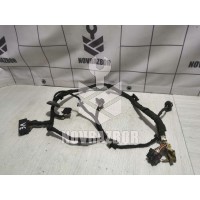 Проводка (коса) VW Golf 4 Bora 97-05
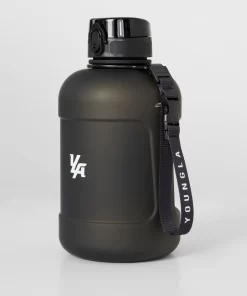 YoungLA 941 - Lah Jug 2.0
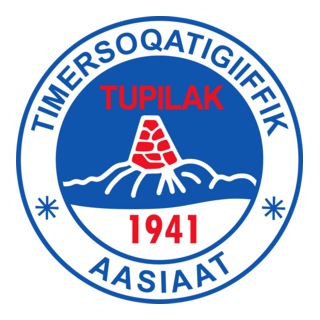 T-41 AASIAAT Logo PNG Vector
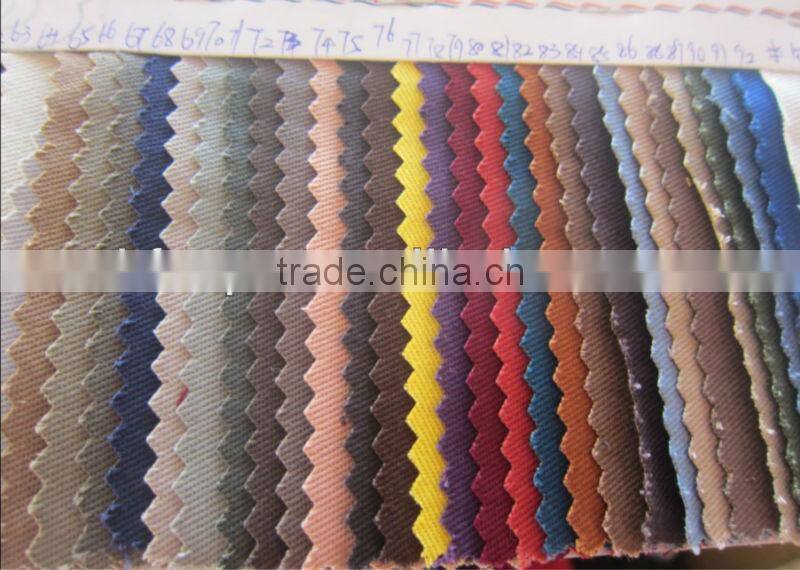 Embroidered baseball cap, fitted baseball cap manufacturer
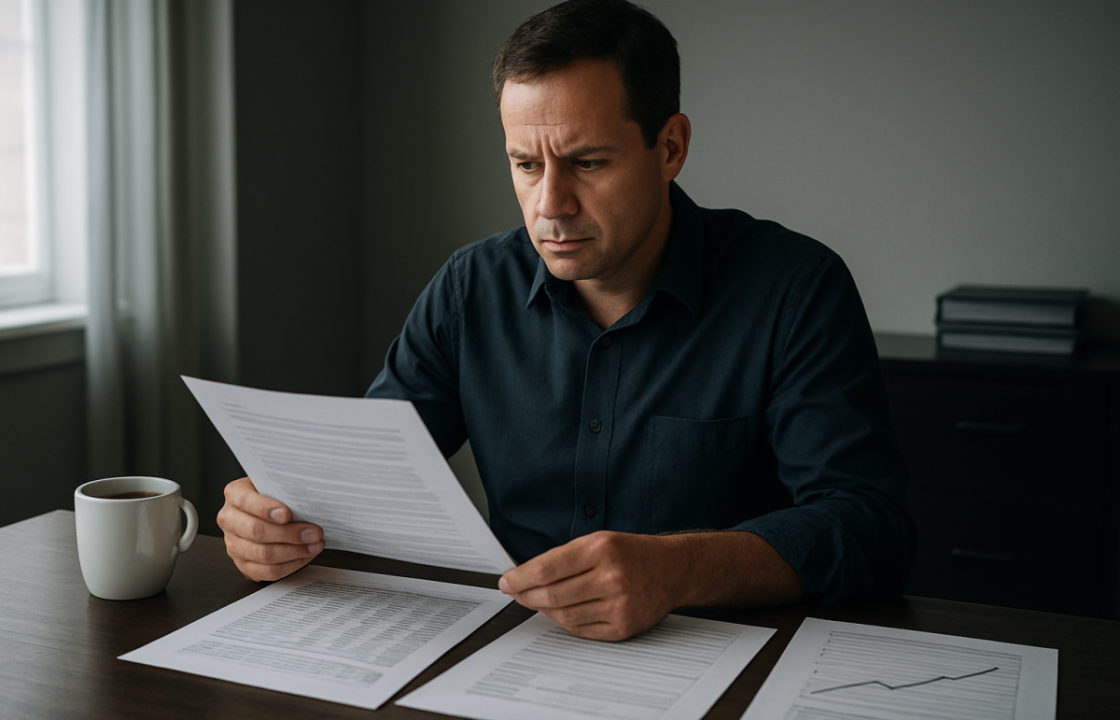 Debt as a Tool, Not a Crutch: When Borrowing Is Strategic and When It Is Self-Delusion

--- What needs to be done ---
Lines from the one containing "Embroidered baseball cap, fitted" through the end of the entries above, both included, are to be written out exactly; no pictures and no other lines.

--- Finished task ---
 Embroidered baseball cap, fitted baseball cap manufacturer
 Debt as a Tool, Not a Crutch: When Borrowing Is Strategic and When It Is Self-Delusion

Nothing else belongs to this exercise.